Exercise description:
Leave the pictures aside and give back every entry below word for word.

Input for this task:
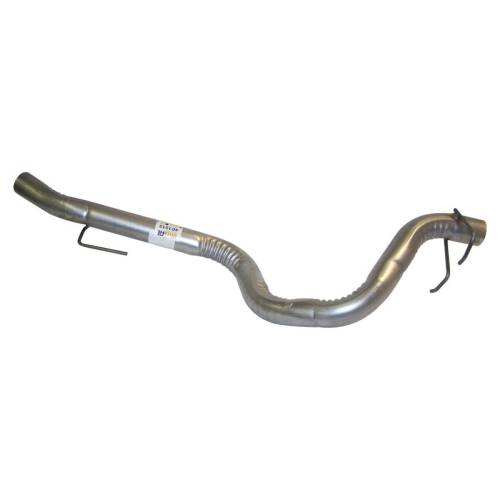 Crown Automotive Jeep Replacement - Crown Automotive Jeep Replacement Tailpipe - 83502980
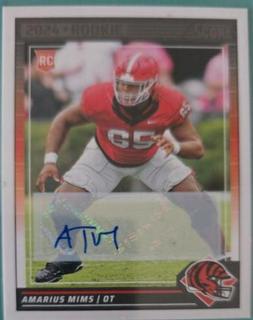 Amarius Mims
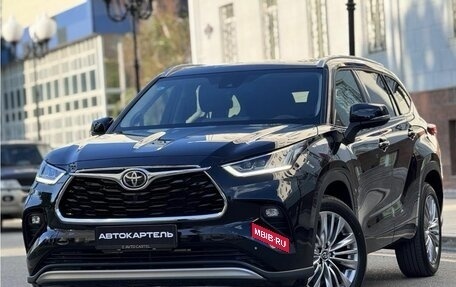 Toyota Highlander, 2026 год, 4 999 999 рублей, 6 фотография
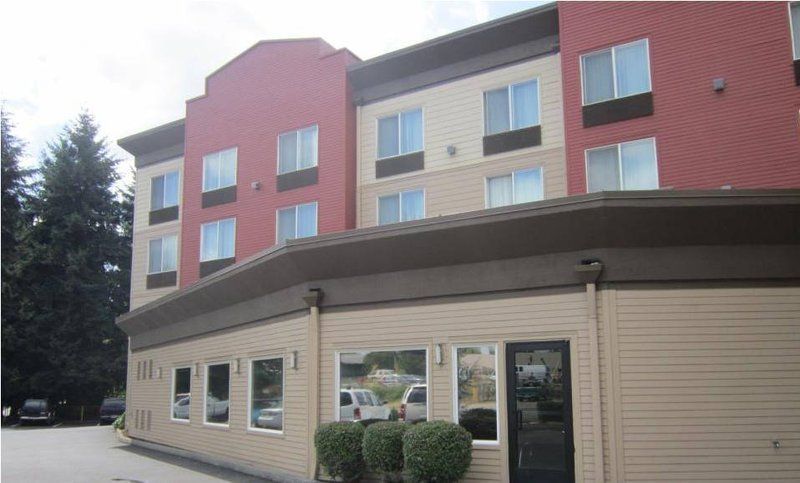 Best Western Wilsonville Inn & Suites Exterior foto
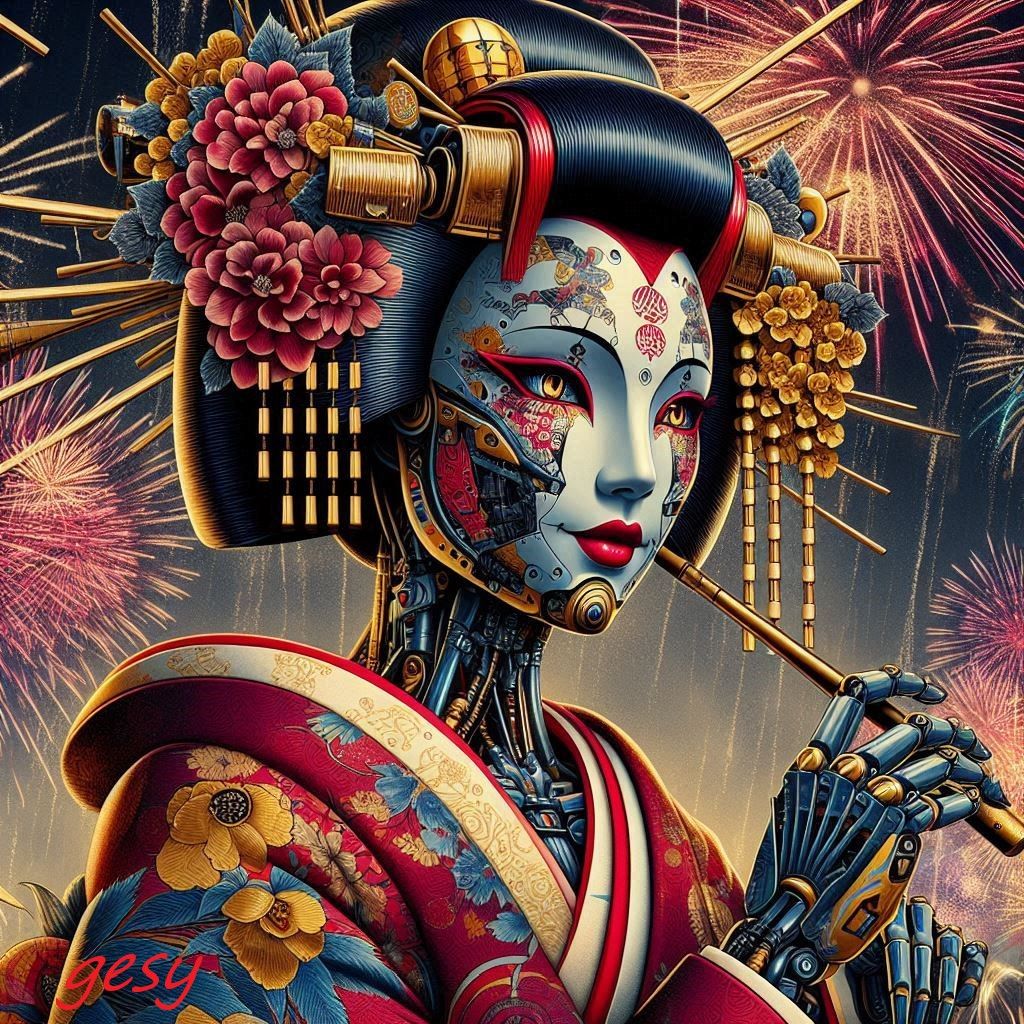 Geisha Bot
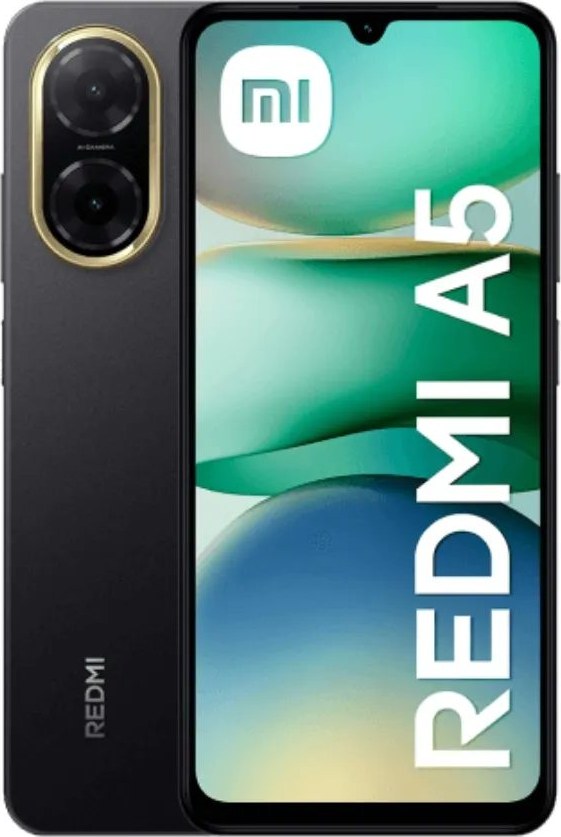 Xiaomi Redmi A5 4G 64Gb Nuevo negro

Answer box:
 Crown Automotive Jeep Replacement - Crown Automotive Jeep Replacement Tailpipe - 83502980
 Amarius Mims
 Toyota Highlander, 2026 год, 4 999 999 рублей, 6 фотография
 Best Western Wilsonville Inn & Suites Exterior foto
 Geisha Bot
 Xiaomi Redmi A5 4G 64Gb Nuevo negro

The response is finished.